If you’re buying a MacBook Air, which prioritizes mobile operation and portability, and you intend to edit video or perform demanding scientific calculations (tasks better managed by a MacBook Pro or a Mac Pro), you should definitely consider accepting Apple’s CPU upgrade option. On the other hand, if you’re purchasing an iMac (or any other Mac, for that matter) and intend to use it only as a client workstation for powering common Office applications such as Word and Excel, processing email, and surfing the internet, the standard configuration will work well.

If CAD drawing, architecture, three-dimensional rendering, and similar demanding video tasks are common requirements, opt for a CPU upgrade.

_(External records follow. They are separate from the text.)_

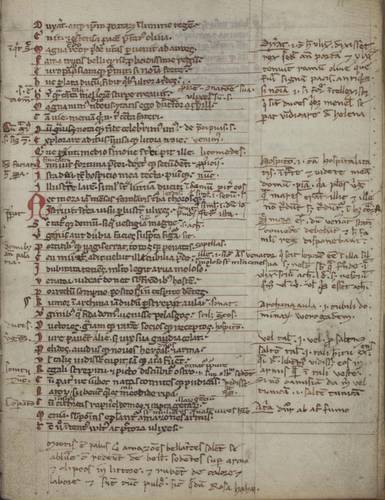 Codex Universitatis Bruxellensis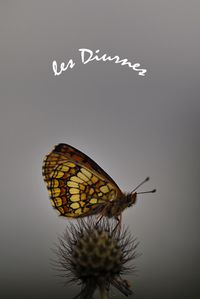 mélitée des scabieuses affiche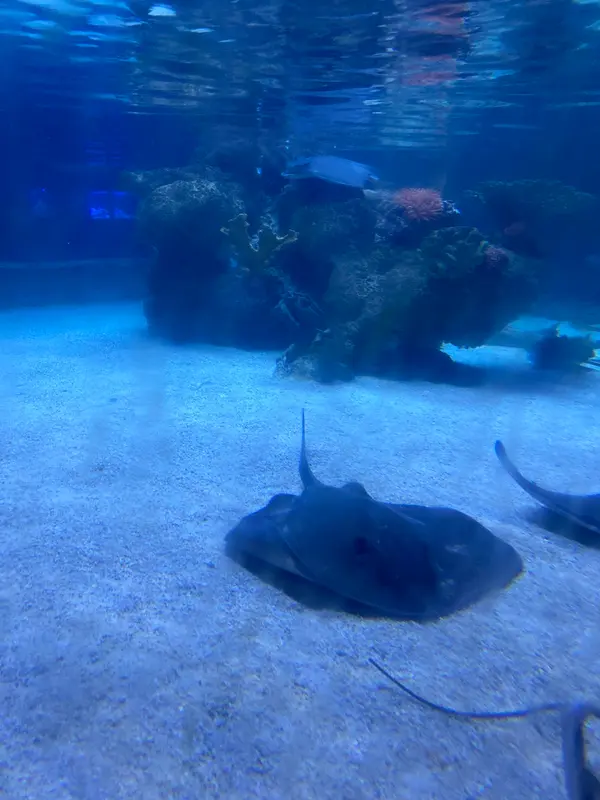 The Aquarium on 6th gallery 4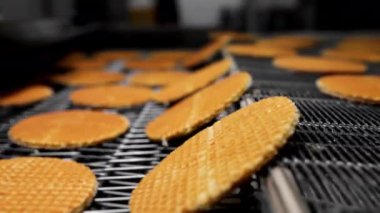 Bir şekerleme fabrikasında modern Hollanda waffle 'ı üretimi. Waffle 'lar konveyör boyunca hareket ederler. Waffle üretimi. Modern şekerleme fabrikası.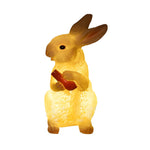 Resin and Fiberglass Rabbit Garden Lights Modern Waterproof Outdoor Lighting - Lamp Outdoor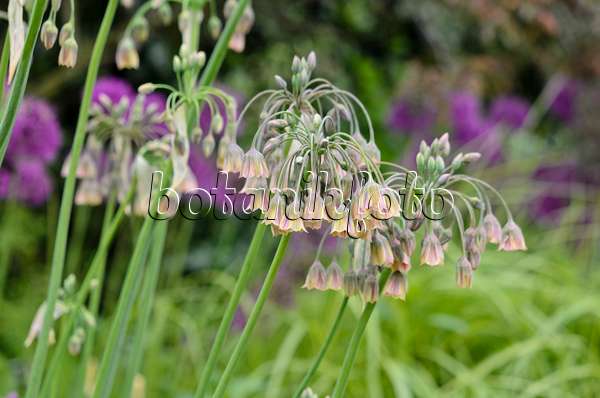533479 - Sicilian honey lily (Allium siculum syn. Nectaroscordum siculum subsp. bulgaricum)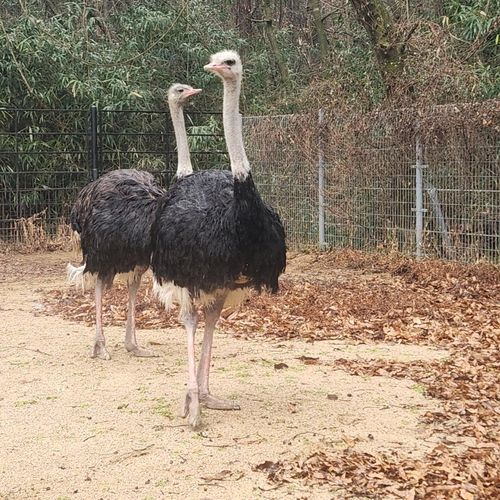 광주 우치공원에 둥지 튼 타조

If audio and video creation, editing, and publishing are planned, opt for the CPU upgrade. In such cases, I also recommend buyers consider purchasing the memory upgrade, too.

Based on my experiences

As a technology consultant supporting hundreds of businesses over more than a decade, clients have almost never, if ever, complained of performance issues when they’ve accepted my recommendation to purchase the fastest CPU and most memory they can afford. The two meld together in an elegant, complex dance that speed performance and accelerate the everyday routine of starting and shutting down a system, opening and closing applications, and completing common edits and processes.